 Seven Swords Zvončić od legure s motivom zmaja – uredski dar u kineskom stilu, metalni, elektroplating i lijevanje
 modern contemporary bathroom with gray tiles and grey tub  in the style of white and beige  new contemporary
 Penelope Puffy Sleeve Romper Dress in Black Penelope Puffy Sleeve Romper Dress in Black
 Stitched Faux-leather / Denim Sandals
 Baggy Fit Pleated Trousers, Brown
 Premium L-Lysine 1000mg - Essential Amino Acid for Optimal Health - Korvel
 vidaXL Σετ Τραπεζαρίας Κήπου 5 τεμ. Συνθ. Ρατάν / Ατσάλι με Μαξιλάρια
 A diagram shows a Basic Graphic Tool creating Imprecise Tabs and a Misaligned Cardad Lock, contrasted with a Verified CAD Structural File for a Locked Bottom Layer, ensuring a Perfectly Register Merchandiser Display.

::::

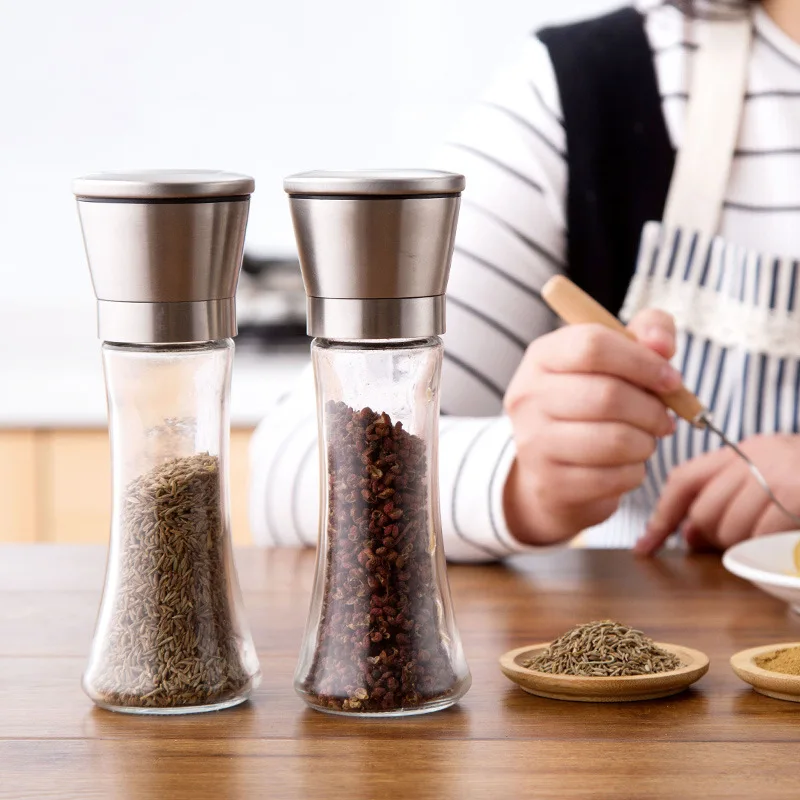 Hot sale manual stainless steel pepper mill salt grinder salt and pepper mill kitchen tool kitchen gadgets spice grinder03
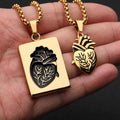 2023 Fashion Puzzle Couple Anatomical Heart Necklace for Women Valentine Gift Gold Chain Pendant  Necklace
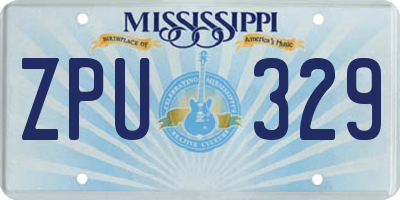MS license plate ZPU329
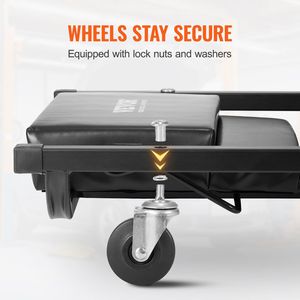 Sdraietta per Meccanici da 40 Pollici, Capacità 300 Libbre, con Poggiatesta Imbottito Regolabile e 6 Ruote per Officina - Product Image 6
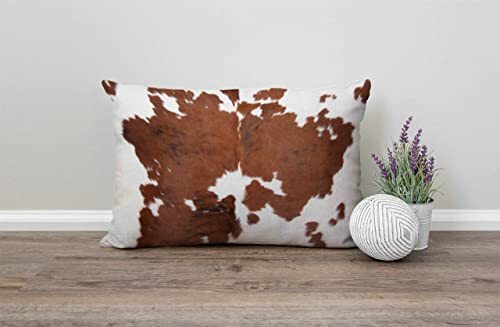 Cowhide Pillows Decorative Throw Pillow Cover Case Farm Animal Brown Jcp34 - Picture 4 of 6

::::

### Assignment
Print only what lies in the material above starting at the line with "Baggy Fit Pleated Trousers, Brown" and ending at the line with "A diagram shows", every line exactly as given.

### Reply to the exercise
 Baggy Fit Pleated Trousers, Brown
 Premium L-Lysine 1000mg - Essential Amino Acid for Optimal Health - Korvel
 vidaXL Σετ Τραπεζαρίας Κήπου 5 τεμ. Συνθ. Ρατάν / Ατσάλι με Μαξιλάρια
 A diagram shows a Basic Graphic Tool creating Imprecise Tabs and a Misaligned Cardad Lock, contrasted with a Verified CAD Structural File for a Locked Bottom Layer, ensuring a Perfectly Register Merchandiser Display.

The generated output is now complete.